I find it interesting that many friends have encouraged me over the years, saying the infamously uttered (yet fearfully applied) phrase, “You know, you really should…” so I feel a little hurt when they later imply that because I create, I live a life with lots of extra time on my hands. And they, of course, have lives too busy to ever dabble in creativity.
As a society, we still view creativity as a ‘extra’. A void-filler.
But anyone with artistic leanings knows that creativity is a life sustaining force. A staple. A necessity.
Creatives might not watch tv.
Or surf the internet.
We might not do some things that others choose to do, but we manage to find time – to make time – to c.r.e.a.t.e.
Because that’s who we are.
Society has been telling us that in order to make money, you should do something reasonable. Something safe. Something mainline.
You don’t put all your eggs in one (albeit adorably decorated) creative basket.
I continue to find myself in that in-between world. I’ve spent my entire adult life there:
making a living off of [this]…but,
being consistently encouraged to do [this]…and,
finding my heart drawn to [this]…yet,
never really knowing how to meld them all together.
There aren’t many hours in a day when I am not working. Either working for my “real job” or working on my “creative job”. It helps to be surrounded by family that fully understands the pull of the creative spirit. Each one of us would be doing [that]…if only.

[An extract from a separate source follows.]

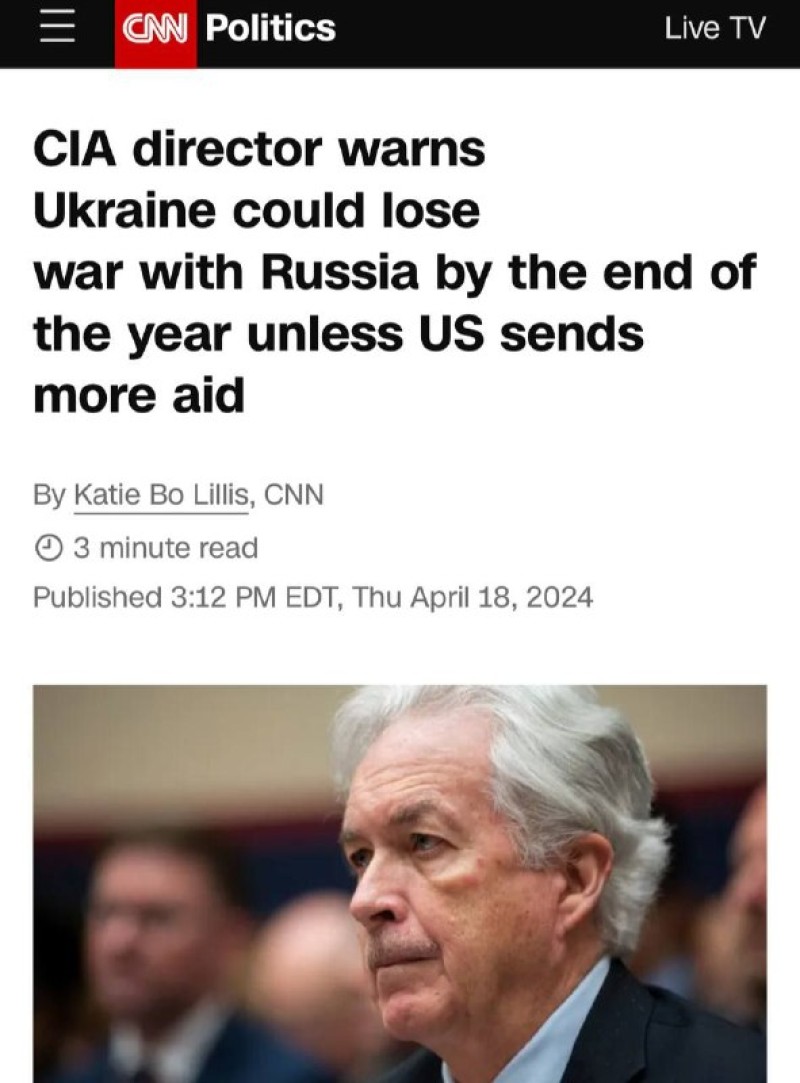 Ukraine could lose the war by the end of 2024 if the US does not hand over...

For creativity to thrive, it needs a place to call home.
I’ve thought a lot about boxing off the various parts of my life at the moment. I have even taken considerable steps to do so. But when it comes down to it, my life is lived out of one big gigantic box. One thing overlaps with another thing. I can’t seem to separate parts into neat and tidily marked containers.
So I revamped a little – my life and my blog. And will continue to do so. But, the compartments of my life all spill over on top of each other, so it is difficult to split apart blogs and thoughts and projects and writing (yet another area always tugging on my heart).
Thank you for taking this journey with me for the past 5+ years. I really cannot express to you how much it means to me when you stop by my blog to ‘sit down and read a bit.’
You are my friends. Cherished and valued.